** Opening Given data block **

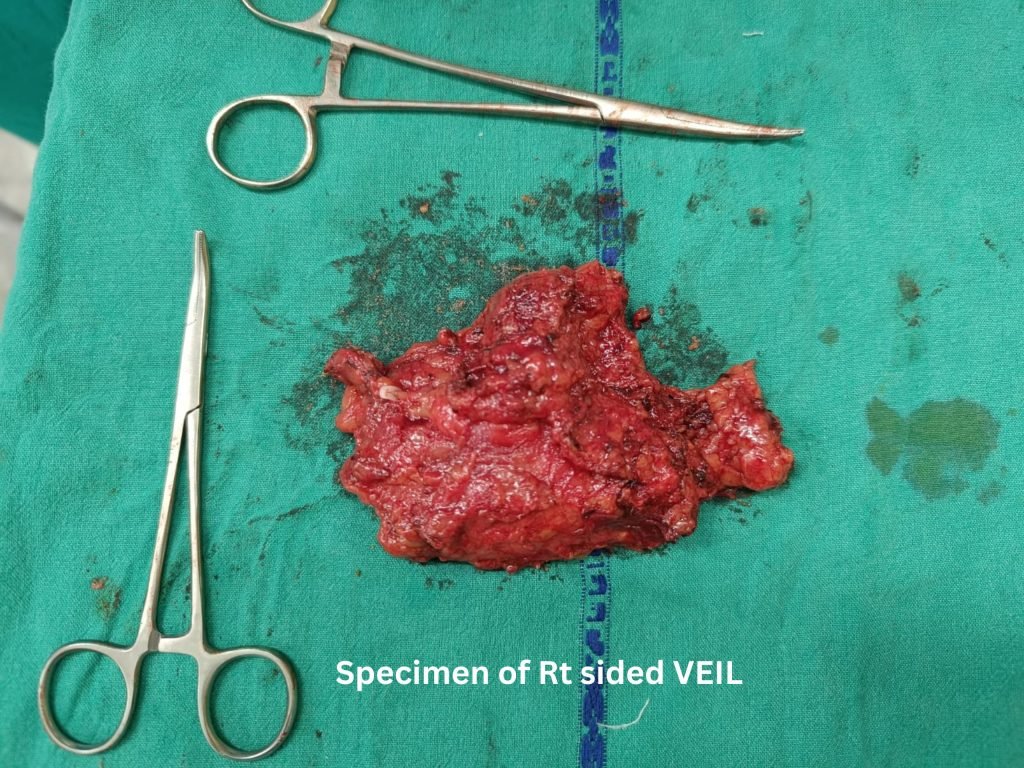 Specimen of Rt sided VEIL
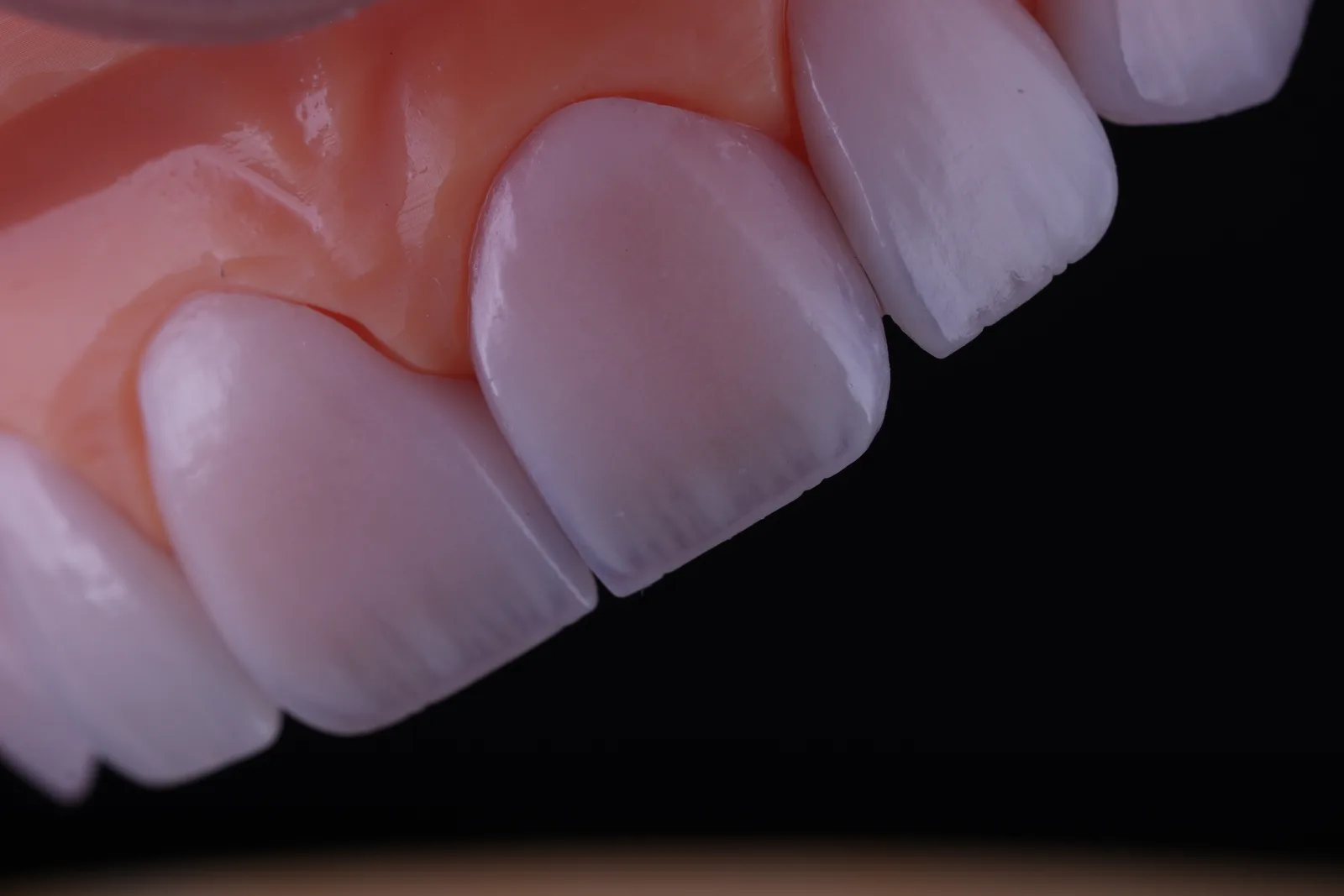 Modern Veneer — Case 4 photo 5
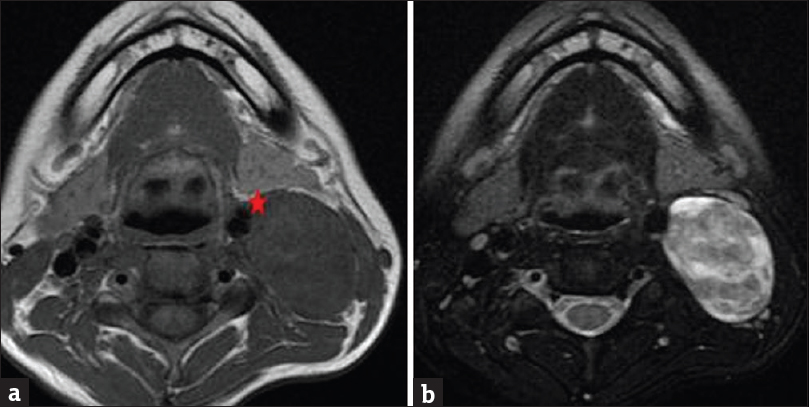 Magnetic resonance imaging of the neck without contrast. (a) Axial T1 sequence demonstrates large fusiform isointense mass within the left carotid sheath at level of the angle of the mandible. The mass displaces the carotid artery anteromedially (star). (b) Axial T2-weighted sequence demonstrates heterogeneous T2 signal, with areas of higher signal correlating with cystic degeneration.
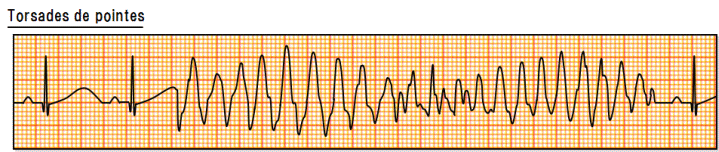 Torsades de pointes(gT[hEhE|gGTdP)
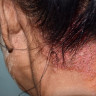 Pecingine: simptome, cauze, modalitati de tratament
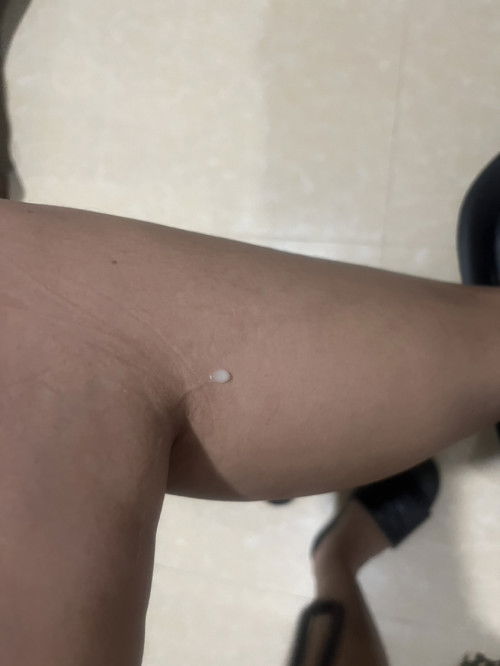 Milky white na discharge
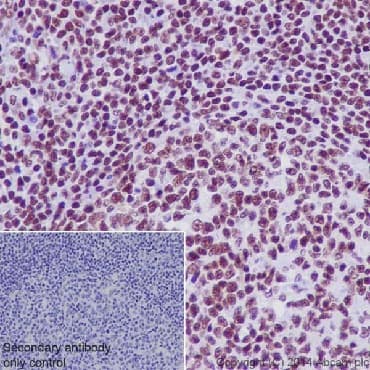 Anti-RNA polymerase II CTD repeat YSPTSPS (phospho S2) antibody(AB5095)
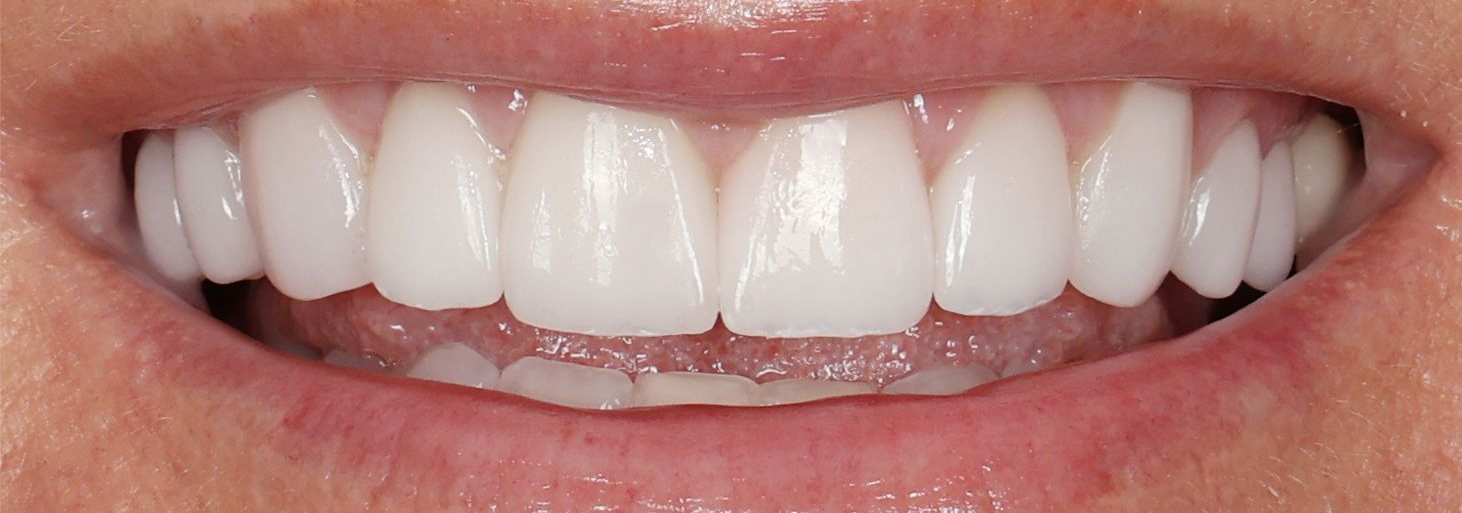 Close-up of a smiling mouth showing bright white teeth and pink lips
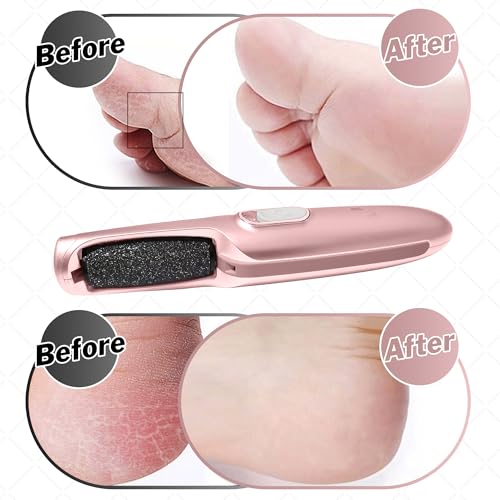 Powerful Electric Callus Remover Wand ? Rechargeable Foot File, Grinder & Scrubber - Removes Dead, Hard Skin & Calluses ? Best Pedicure Tool for Soft, Smooth Feet for Men & Women (Rose Gold)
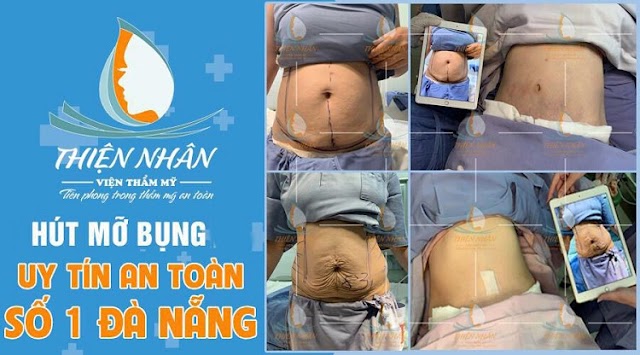 Hé lộ: Địa chỉ hút mỡ bụng ở đâu an toàn tại Đà Nẵng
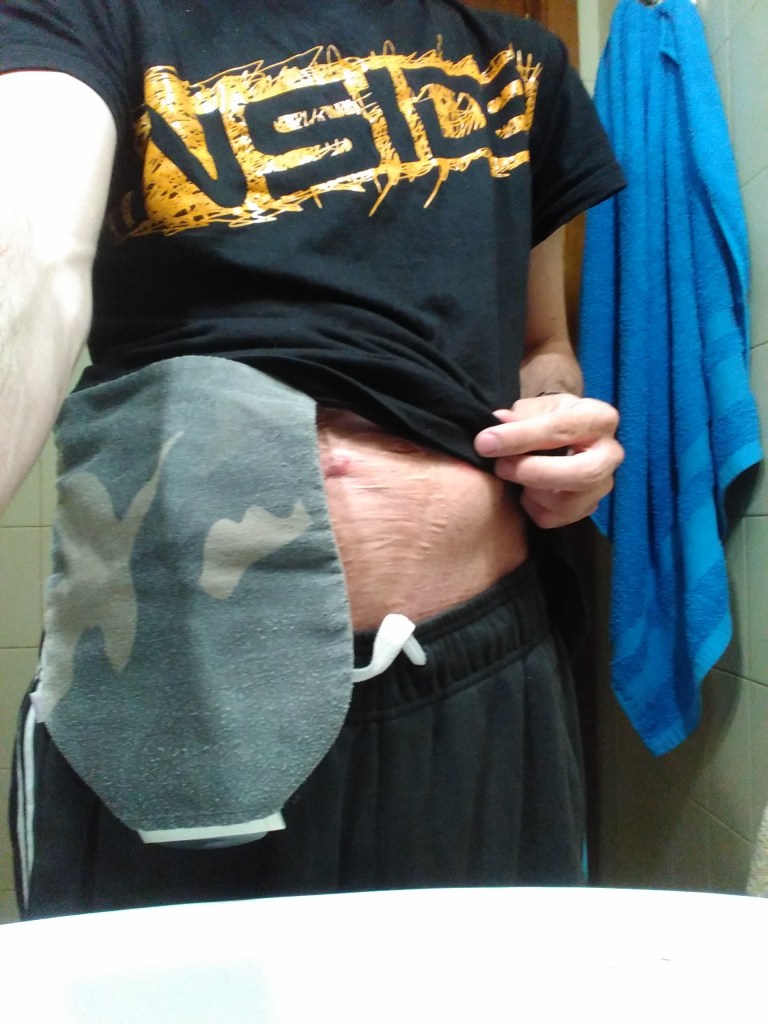 Enseñando ileostomia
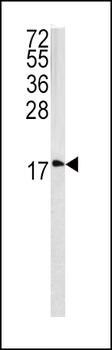 CAV3 Antibody (N-term)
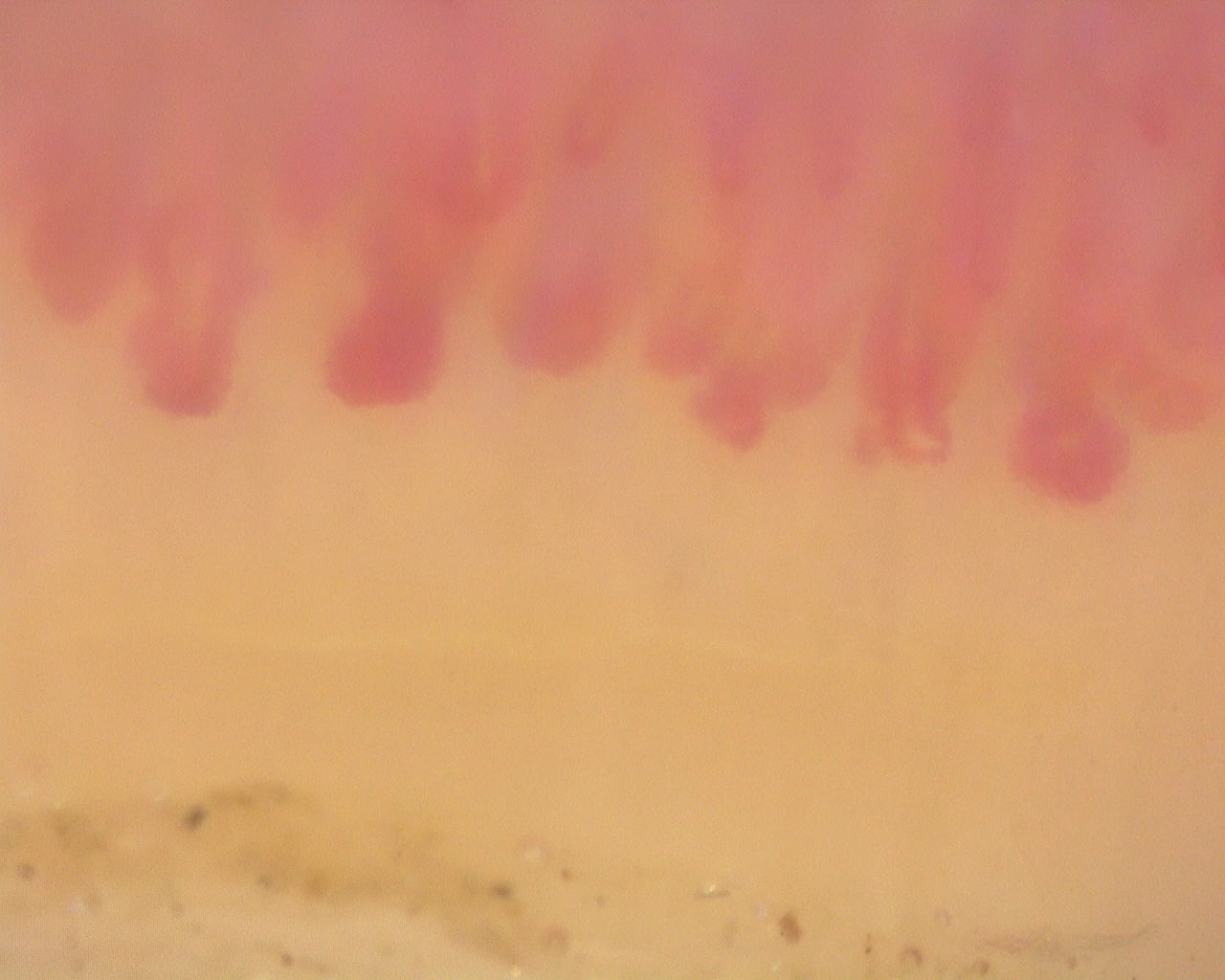 Nailfold capillaroscopy: right index finger, field c. Diffuse Systemic Sclerosis (Anti-Scl-70+) with Active Cutolo Pattern.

** Closing Given data block **

§ **Task to complete**:
An exact restatement of the lines from the one holding "Enseñando ileostomia" through the end of the entries, both ends included, is the whole answer. Pictures stay out.

§ **Output for this exercise**:
 Enseñando ileostomia
 CAV3 Antibody (N-term)
 Nailfold capillaroscopy: right index finger, field c. Diffuse Systemic Sclerosis (Anti-Scl-70+) with Active Cutolo Pattern.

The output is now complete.